With a new rivalry heating up between Tesla and Porsche, onlookers and enthusiasts are watching from afar, wondering if the industry's first real battle for performance electric cars will boil over. And our first taste of the coming war is thanks to a video by a German motoring publication which pairs the duo against each other in a series of tests, including the notorious moose test, and for all of us gear-head heathens, a drag race.
In both circumstances, handling and straight-line acceleration, the Porsche outperforms the Tesla. But it's the drag race, which shows at least two car lengths between finishes, that has us questioning what sort of German witchcraft is Porsche playing with? In reality, Porsche is just playing to its strength, engineering—we do still wonder if Tesla's updated Model S Performance would have a noticeable impact in across-the-line times.
To better understand each car's rapid acceleration, and Porsche's dominance on the drag strip, a separate YouTuber recently stitched together two dash-aimed videos to help feed curious minds—one of a Tesla Model S P100D with Ludicrous mode, and the newcomer Porsche Taycan Turbo S in Sport Plus mode.
As one might expect, both Porsche and Tesla strut their respective stuff as the sedans sprint from a stop, climbing all the way to 155 miles per hour (250 km/h) while a timer takes note of how fast each vehicle accomplishes the task. Although the cars seem to be fairly neck-and-neck in the first leg of the race, a surprise begins to unfold.
As the cars begin to approach 90 mph, a noticeable gap in speed begins to form. The Porsche climbs and climbs, making its way to 155 mph in just 13.5-seconds—an impressive nine seconds faster than the Tesla.
This advantage likely comes from Porsche's inclusion of a two-speed automatic gearbox in the Taycan—a feature purposefully left out of the Model S presumably in favor of reduced costs and complexity. A multi-speed transmission begins to give the Taycan many advantages that would otherwise be absent in a direct-drive situation; most notable in this case is the ability to extend the powerband of an electric motor across a broader range of speeds without significantly increasing the motor's workload.

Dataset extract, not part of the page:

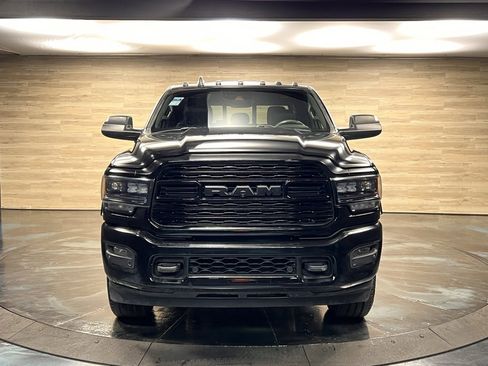 Used 2020 RAM 3500 Limited image 28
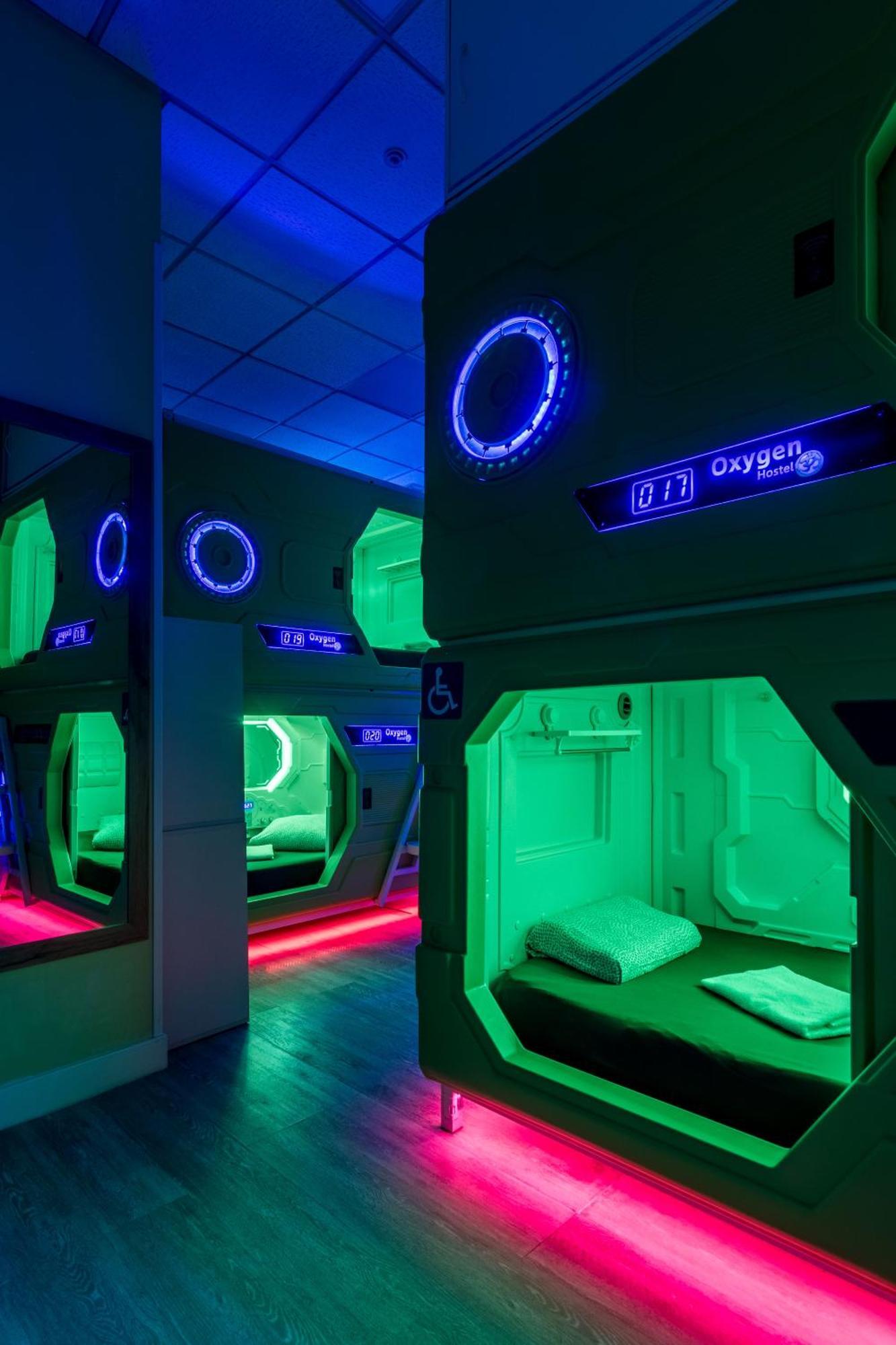 Oxygen Capsula Hostal *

When taking off in Sport or Sport Plus mode, the Taycan engages its low gear and springs to life. Around 50 mph or so, the transmission shifts to its second gear (which is roughly half the ratio of its low gear) so that it can continue propelling the car quickly at higher speeds. This helps to sustain the strenuous performance requirements for longer periods of time without experiencing overheating or perceivable loss in power.
Perhaps the biggest question that this test pulls from Pandora's box would revolve around pitting the Taycan's performance against Tesla's refreshed Model S hardware. Tesla recently discontinued the P100D badging in favor of a new "Performance" trim, which features various hardware changes to increase performance and efficiency. One such change was to transplant the rear-drive unit from the Model 3 into the front of the Model S Performance, enabling the vehicle to achieve quarter-mile times as low as 10.6 seconds with a boost in range to match.
It's important to be critical of what we're watching, too. Both tests are fairly objective, but neither are in controlled environments nor do they feature the same driver or track surface. However, assuming conditions are fairly ideal, it does give a rough idea of where the Taycan shines: high speeds.
Maybe in the near future, we will begin to see the newest Tesla hardware side-by-side against the German's pinnacle of plug-in performance, but by that time, Tesla may look to bring its über P100D+ prototype out of the ring and into Porsche's backyard.